Will

Written by: Editorial Team

What Is a Will? A will is a legally binding document that outlines how a person’s assets, property, and responsibilities should be distributed and managed after their death. It serves as a foundational element of estate planning and allows individuals — referred to as testators —

What Is a Will?

A will is a legally binding document that outlines how a person’s assets, property, and responsibilities should be distributed and managed after their death. It serves as a foundational element of estate planning and allows individuals — referred to as testators — to maintain control over their estate and express their wishes with legal authority. Without a valid will, an estate is distributed according to the laws of intestacy in the state where the person resided, which may not reflect their personal intentions.

Purpose of a Will

The main purpose of a will is to provide instructions for the distribution of a person’s property after death. This can include real estate, financial accounts, personal belongings, and other forms of property. A will also allows for the designation of an executor, who is responsible for carrying out the terms of the will, managing debts, and handling the legal process of probate.

Wills can address more than just financial matters. For parents of minor children, a will can designate a guardian to take care of the children in the event of the parents’ deaths. This aspect is especially important, as without a guardian named in a valid will, the decision may be left to a court, which could result in unintended outcomes.

Legal Requirements

The legal requirements for a will vary by jurisdiction, but several key elements are generally consistent across U.S. states:

  • Legal capacity: The testator must be of legal age (usually 18 or older) and mentally competent at the time the will is created.
  • Voluntary intent: The testator must create the will voluntarily, free from coercion or undue influence.
  • Proper execution: Most states require the will to be in writing, signed by the testator, and witnessed by at least two individuals who are not beneficiaries under the will.
  • Clear content: The will must clearly state the testator’s intentions and identify beneficiaries and assets with reasonable specificity.

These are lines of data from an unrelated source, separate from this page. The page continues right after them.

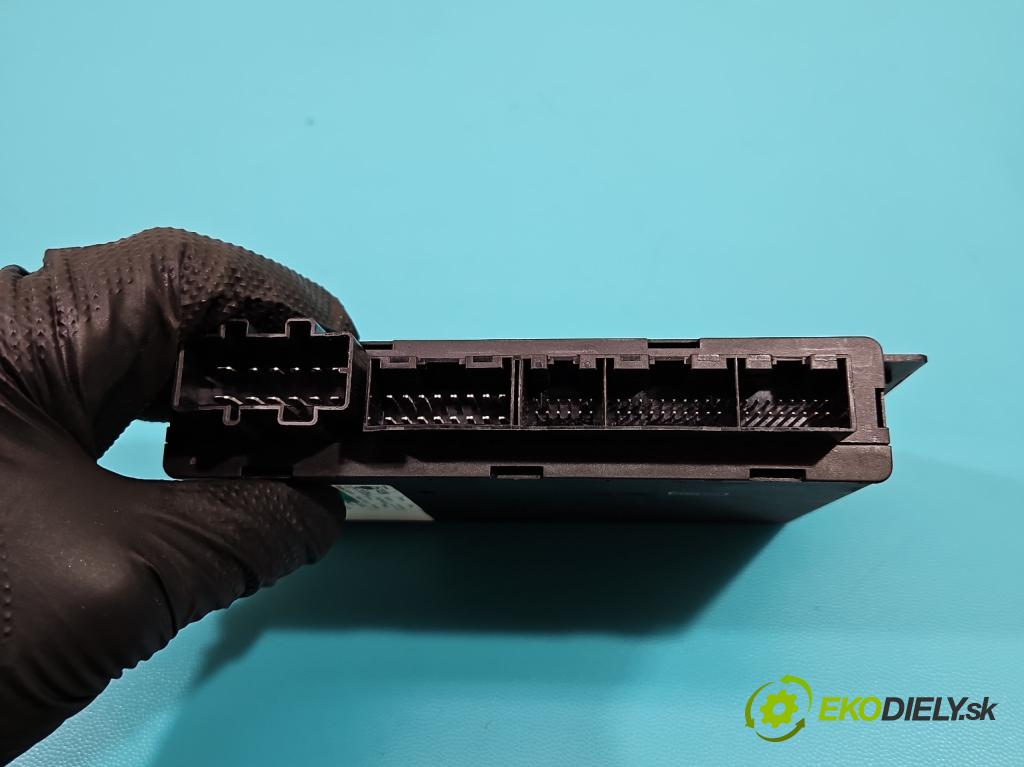 Audi A6 C5 1997-2004 1.8 T 150 HP automatic 110 kW 1799 cm3 4- modul riadiaca jednotka 93059193 (Ostatné)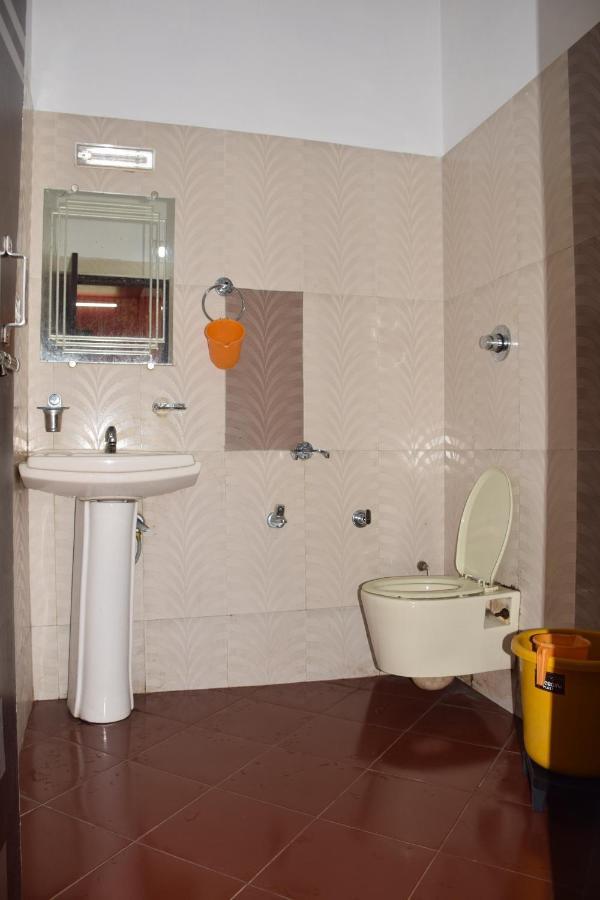 Hotel Deep Valley Маунт Абу Екстериор снимка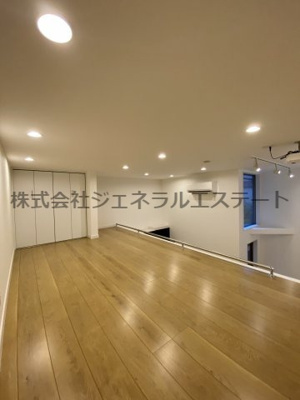 【寝室】 | F8石津 | ロフトが広い！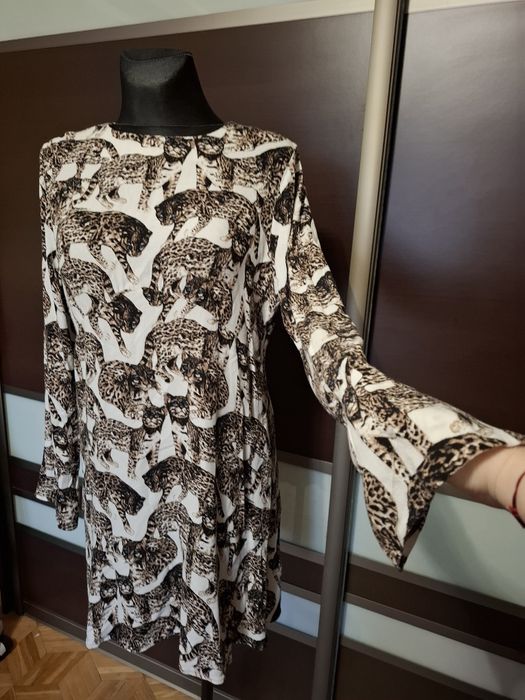 Sukienkę z długim rękawem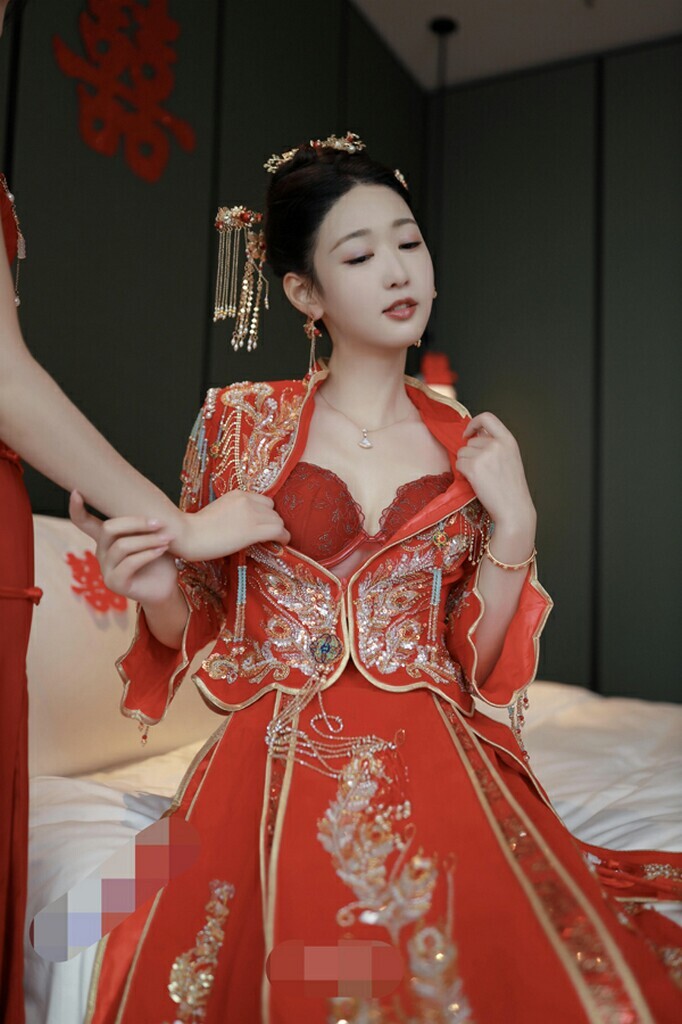 新娘紅色幻想哥門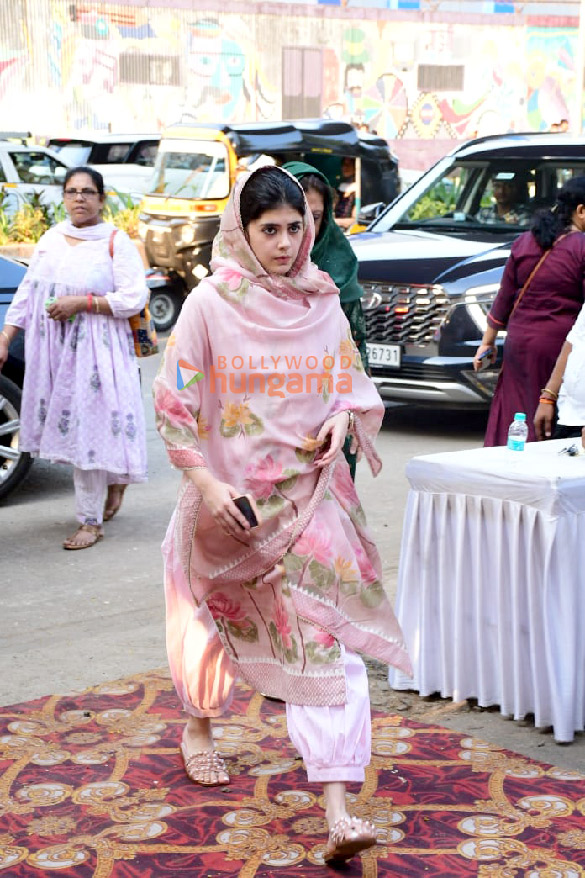 photos celebs attend mukesh chhabras mother kamala chhabras prayer meet2 8 2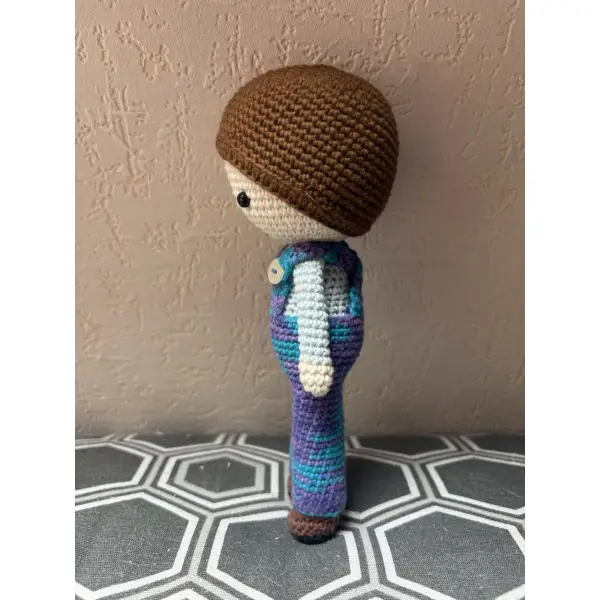 Petite poupée, jouet au crochet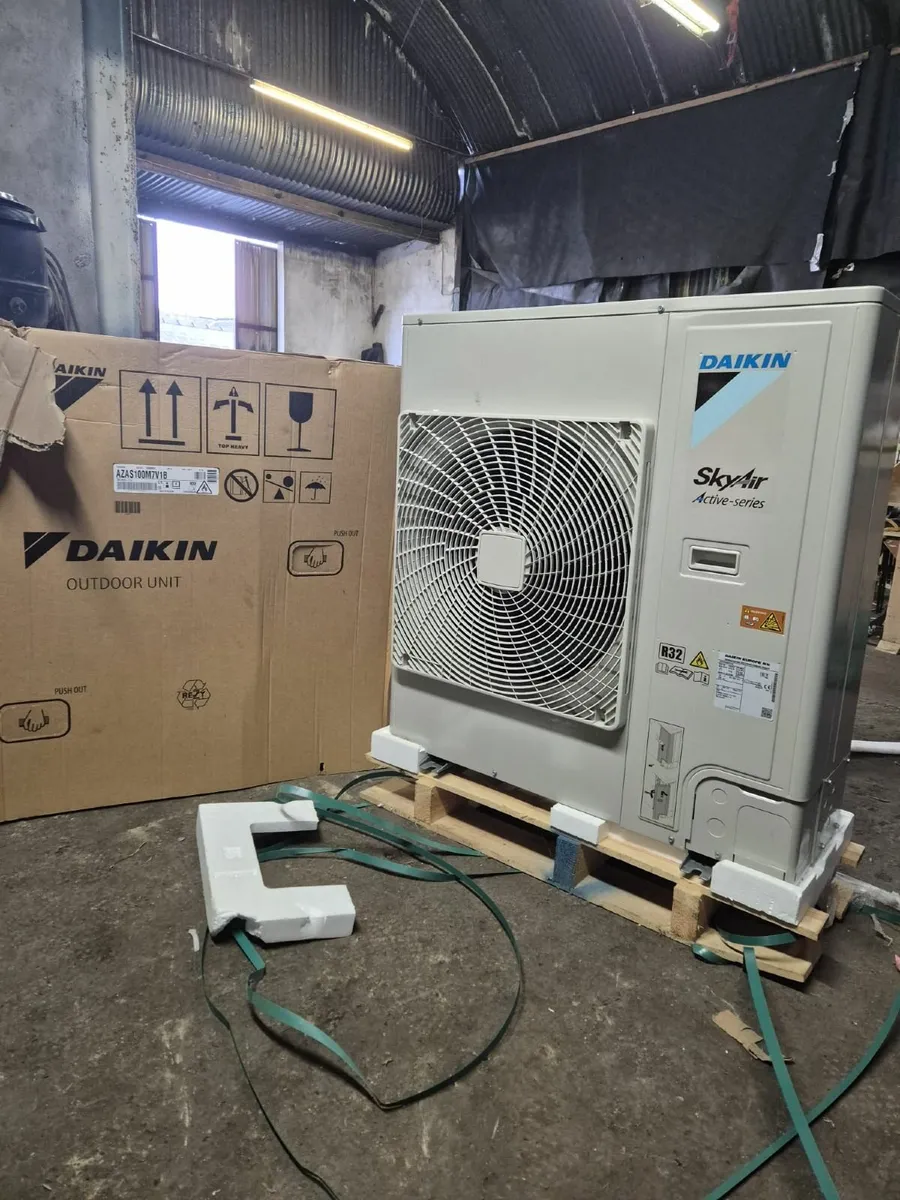 Daikin Air conditioning unit - Image 1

Some states also allow holographic wills (handwritten and signed by the testator without witnesses), but these are subject to more scrutiny and are not accepted in all jurisdictions.

Role of the Executor

The executor named in the will plays a central role in administering the estate. This person is responsible for initiating the probate process, identifying and securing the testator’s assets, paying outstanding debts or taxes, and distributing assets according to the terms of the will. Executors are held to a fiduciary standard, meaning they must act in the best interest of the estate and its beneficiaries.

An executor can be a trusted friend, family member, or professional such as an attorney or financial advisor. It’s common for testators to name an alternate executor in case their first choice is unable or unwilling to serve.

Probate and Wills

Most wills go through a legal process known as probate. Probate is the court-supervised process of validating the will, appointing the executor, settling debts, and overseeing the distribution of the estate. While probate ensures that the will is followed lawfully, it can be time-consuming and may involve court fees, especially if the estate is complex or contested.

Some assets — such as life insurance policies, retirement accounts, and jointly owned property — may bypass probate if they have designated beneficiaries or survivorship arrangements. However, the will still governs the distribution of any remaining assets not handled by other means.

Amending or Revoking a Will

Wills are not static documents. Life events such as marriage, divorce, the birth of a child, or major changes in financial circumstances may prompt updates. A will can be amended through a document known as a codicil, which must be executed with the same formalities as the original will.

Alternatively, a testator can revoke an old will and create a new one. Typically, the new will includes a clause that explicitly revokes all previous wills and codicils, ensuring clarity and avoiding legal conflicts.

What Happens Without a Will

Dying without a will is referred to as dying intestate. In such cases, state law determines how assets are distributed. These laws prioritize spouses, children, and other close relatives, but they do not consider personal relationships or specific wishes the decedent may have had.

For individuals with no close family, assets may pass to distant relatives or, in rare cases, escheat to the state. In addition, without a will, courts appoint an administrator to manage the estate — which may not be the person the decedent would have chosen.

Limitations of a Will

While a will is a powerful estate planning tool, it does not cover everything. It does not:

  • Control the distribution of jointly held property with rights of survivorship.
  • Override beneficiary designations on retirement accounts, insurance policies, or transfer-on-death (TOD) accounts.
  • Avoid probate, unless used in conjunction with other planning strategies such as trusts.

For individuals with more complex estates or specific privacy concerns, a will is often used alongside other estate planning instruments to create a more comprehensive plan.

The Bottom Line

A will is an essential legal document that ensures your assets are distributed according to your wishes after death. It provides clarity, minimizes the likelihood of disputes, and helps protect loved ones — especially minor children — through careful planning. While not all-encompassing, a properly executed will is a cornerstone of a well-structured estate plan.